Create seeders/factories to seed your tests.

Whether you are talking about tests which run in 100% isolation from the database and the APIs, or you are using a test database, you NEVER want to run your unit and functional tests against production data. Not only does it put that data at risk and pollute your production environment with test data, that data is constantly subject to change and you risk your tests breaking. Nor is just restoring your production data into a test database a starter for TDD. Sometimes, your data is of such a size that restoring your data takes minutes, if you are lucky, if not hours with special servers to restore. In two previous jobs, our database was so large that it would take days to do a restore. You want to have your tests run on a well known set of data, and to run quickly, taking just a few seconds at most per test (and ideally multiple tests per second) for TDD.

Even in the case of Medusa, it is difficult to use a copy of production data. A restore takes a good number of seconds (maybe as much as a minute), and to run your tests in isolation from one another is just not possible. Moreso, let us just face it... it is difficult to know large datasets as well as you need to be able to write tests in a reasonable amount of time. As of this writing, there are 706 chapters and almost 7800 members. Can you wrap your head around that many database records/documents? I sure cannot do that. At a minimum, you are going to need to exercise your ETL (Extract-Transform-Load) skills to create seeders and factories. And while doing so, this gives you a chance to remove any PII (Personally Identifying Information) from the tests, so that you can at some point just hand off the code to be worked on by somebody without having to get NDAs, security clearances or other preventative measures involved to work on the code.

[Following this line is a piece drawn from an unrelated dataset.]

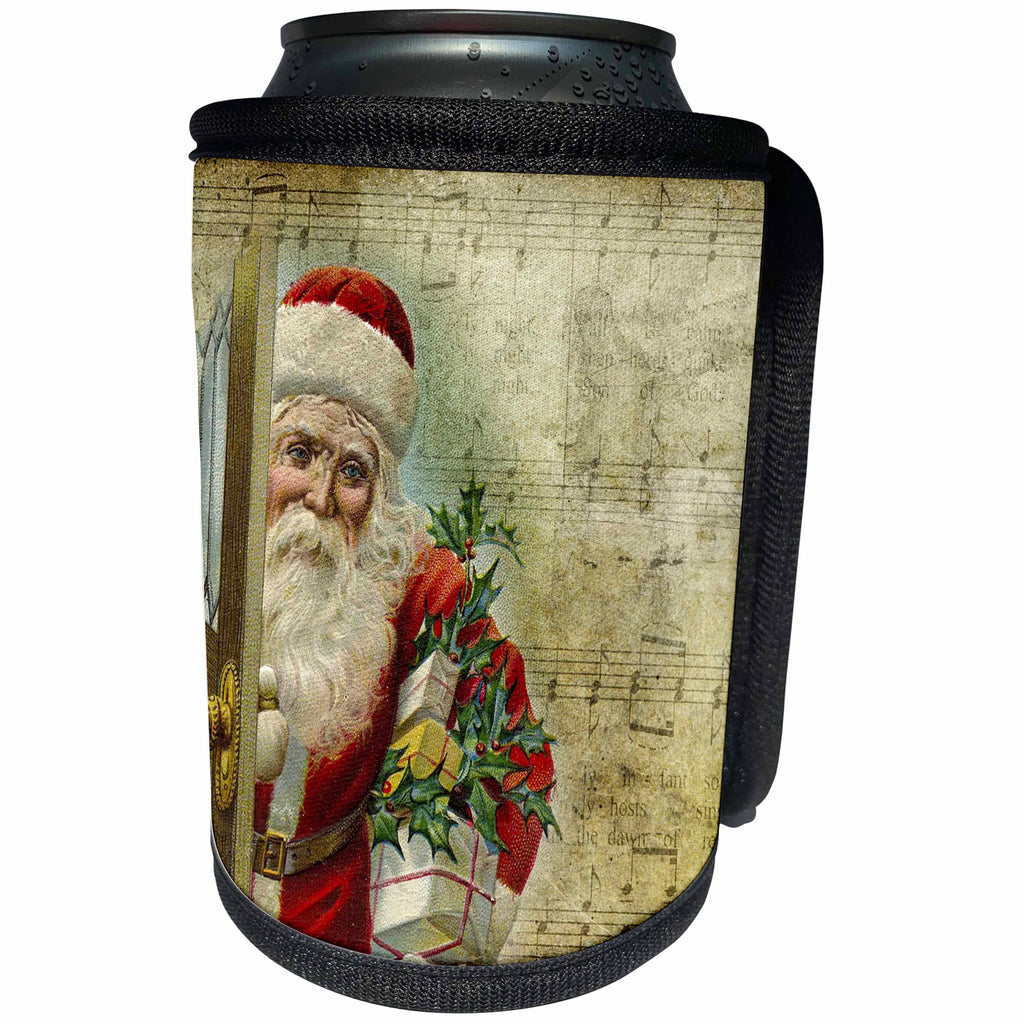 3dRose Andrea Haase Christmas Illustration - Vintage Santa On Music Sheet Nostalgic Christmas Art - Can Cooler Bottle Wrap (cc_293877)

Right now, I have used ETL to produce seeders and factories to give me just 22 chapters and 15 users, where a chapter may run 100 or more users. Imagine writing the assertions that all 100 users of a chapter are returned in alphabetical order! And each test, even when seeding say the chapters and users, still runs in roughly a second against a test database.

Yes, some of you may be thinking "Why not mock the database calls?" While that certainly is possible for unit tests and something to be considered, can you imagine setting up the mocks to traverse a tree of even 5 chapters? Besides, executing against a small test database allows you to verify your SQL or other database interactions, and helps you prevent writing code which does not execute properly when the code hits the database. Save the mocking for error/exception injection, unless you can easily and simply simulate it with a trick such as using a bad key. More on this, but first...
Expect to keep going back to update your unit tests as you update your seeders/factories.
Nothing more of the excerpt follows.